** What this task involves **
Everything from the line with "Mercedes Benz B-Class" down to the line with "Cap roux sentier" below must be printed exactly, those two lines included. Exclude pictures.

** Material for this exercise **
* * * * * * *
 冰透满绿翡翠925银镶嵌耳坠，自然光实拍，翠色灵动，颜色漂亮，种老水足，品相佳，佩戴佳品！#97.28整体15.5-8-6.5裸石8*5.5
* * * * * * *
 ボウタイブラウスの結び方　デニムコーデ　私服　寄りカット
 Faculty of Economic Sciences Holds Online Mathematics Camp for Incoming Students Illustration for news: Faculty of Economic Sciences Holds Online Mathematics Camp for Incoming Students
* * * * * * *
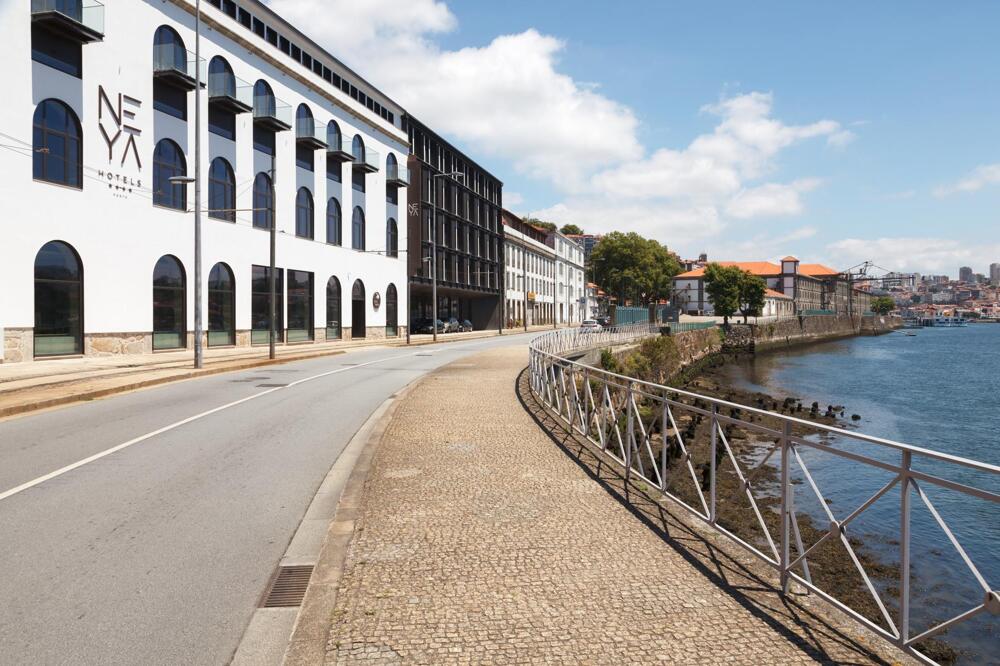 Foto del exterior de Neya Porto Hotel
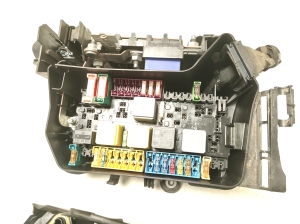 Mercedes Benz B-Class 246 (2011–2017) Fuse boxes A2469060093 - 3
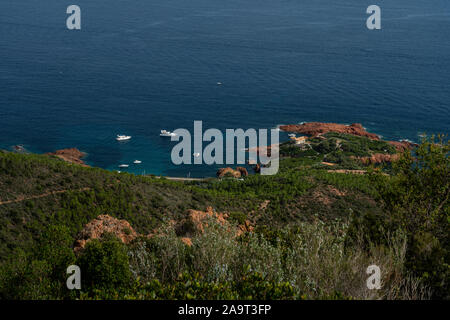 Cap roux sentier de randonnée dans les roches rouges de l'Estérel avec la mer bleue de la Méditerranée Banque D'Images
* * * * * * *
** Solution **
 Mercedes Benz B-Class 246 (2011–2017) Fuse boxes A2469060093 - 3
 Cap roux sentier de randonnée dans les roches rouges de l'Estérel avec la mer bleue de la Méditerranée Banque D'Images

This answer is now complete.